Working data section start

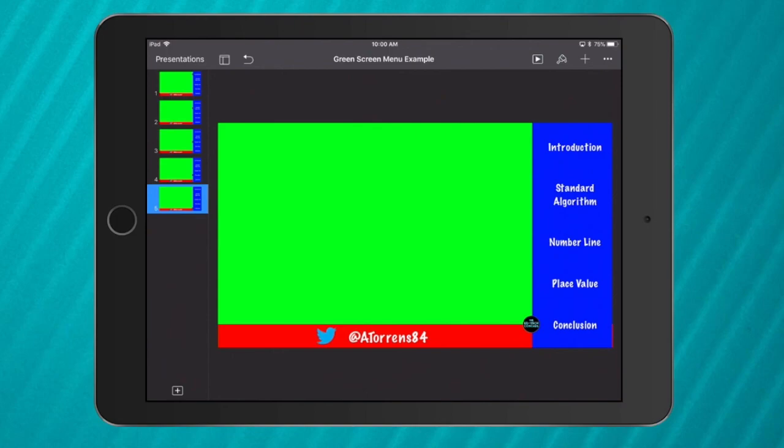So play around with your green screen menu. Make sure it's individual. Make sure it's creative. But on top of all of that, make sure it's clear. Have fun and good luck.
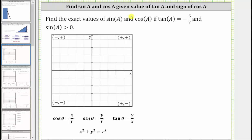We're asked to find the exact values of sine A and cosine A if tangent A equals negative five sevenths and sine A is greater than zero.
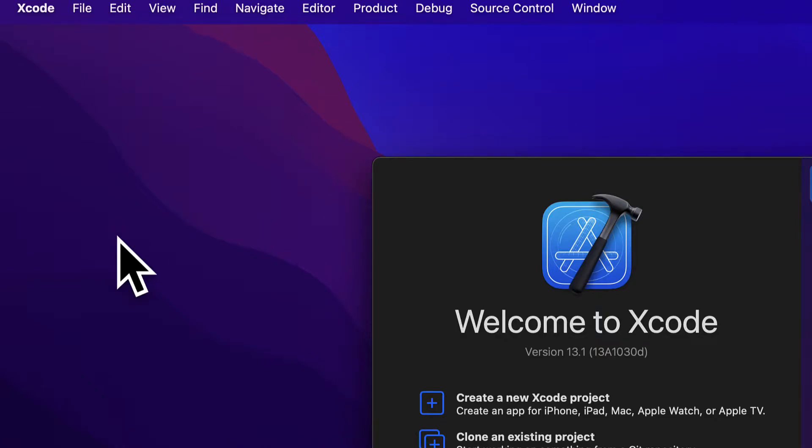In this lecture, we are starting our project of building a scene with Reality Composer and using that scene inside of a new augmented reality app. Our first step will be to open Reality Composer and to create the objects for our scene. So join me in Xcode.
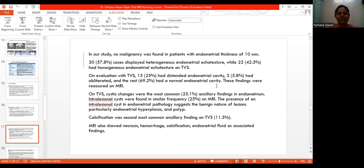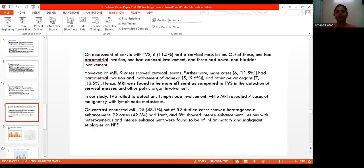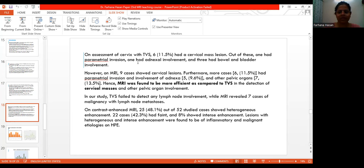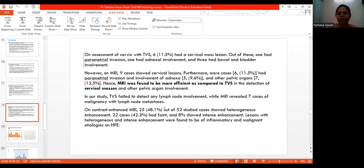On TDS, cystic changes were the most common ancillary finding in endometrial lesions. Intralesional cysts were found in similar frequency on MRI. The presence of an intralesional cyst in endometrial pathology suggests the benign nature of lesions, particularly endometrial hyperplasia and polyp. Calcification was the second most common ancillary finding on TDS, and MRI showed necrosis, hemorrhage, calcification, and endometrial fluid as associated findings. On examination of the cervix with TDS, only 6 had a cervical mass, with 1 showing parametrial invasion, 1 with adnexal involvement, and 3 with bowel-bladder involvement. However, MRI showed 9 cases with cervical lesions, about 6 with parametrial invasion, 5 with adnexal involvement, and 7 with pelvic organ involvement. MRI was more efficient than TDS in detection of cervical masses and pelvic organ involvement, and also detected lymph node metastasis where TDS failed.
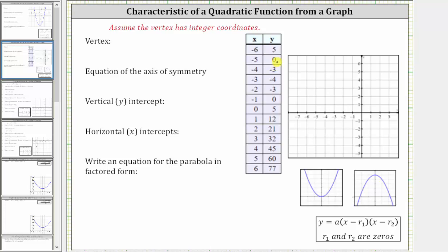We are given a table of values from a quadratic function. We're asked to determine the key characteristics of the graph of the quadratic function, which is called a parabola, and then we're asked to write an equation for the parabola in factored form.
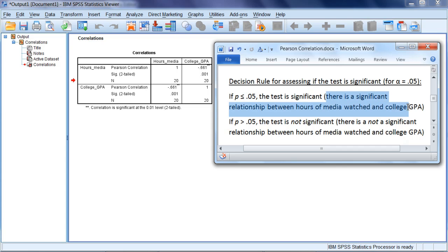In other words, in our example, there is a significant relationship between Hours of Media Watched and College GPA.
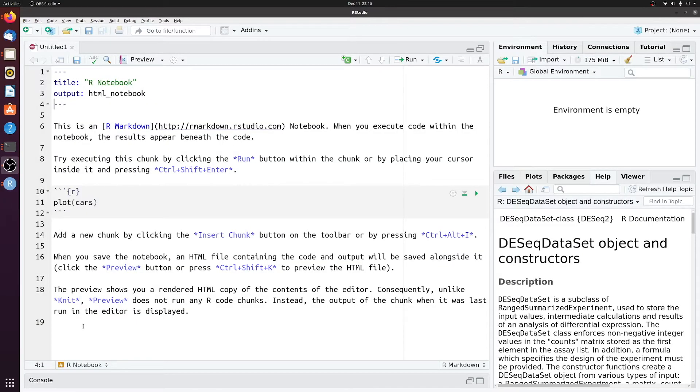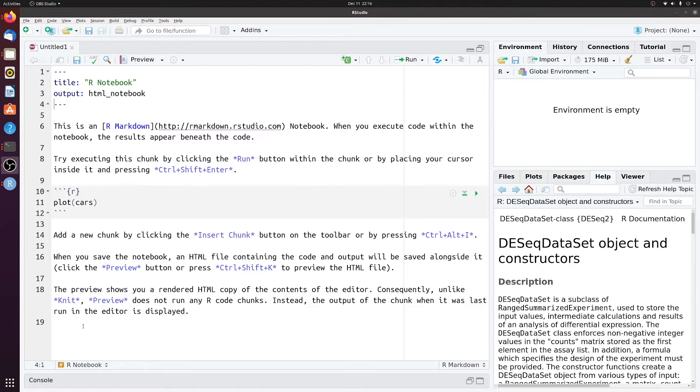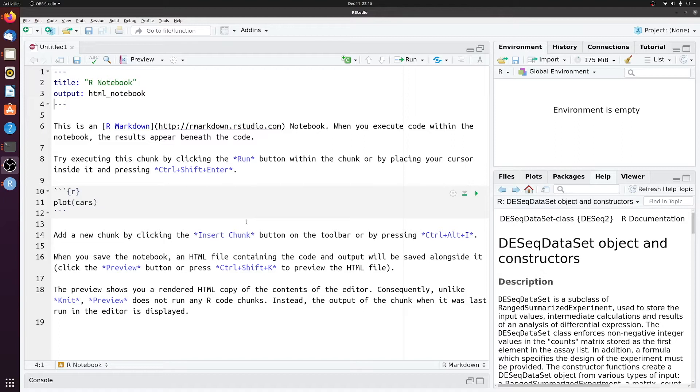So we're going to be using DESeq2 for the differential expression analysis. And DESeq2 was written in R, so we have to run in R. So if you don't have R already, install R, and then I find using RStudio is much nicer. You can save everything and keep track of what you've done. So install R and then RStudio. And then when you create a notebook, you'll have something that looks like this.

Working data section end

_Work task_.
Would you transcribe exactly, and only, the lines from the one containing "In other words, in" through the last line of the records above, both included, leaving out the pictures?

_Solution_.
In other words, in our example, there is a significant relationship between Hours of Media Watched and College GPA.
So we're going to be using DESeq2 for the differential expression analysis. And DESeq2 was written in R, so we have to run in R. So if you don't have R already, install R, and then I find using RStudio is much nicer. You can save everything and keep track of what you've done. So install R and then RStudio. And then when you create a notebook, you'll have something that looks like this.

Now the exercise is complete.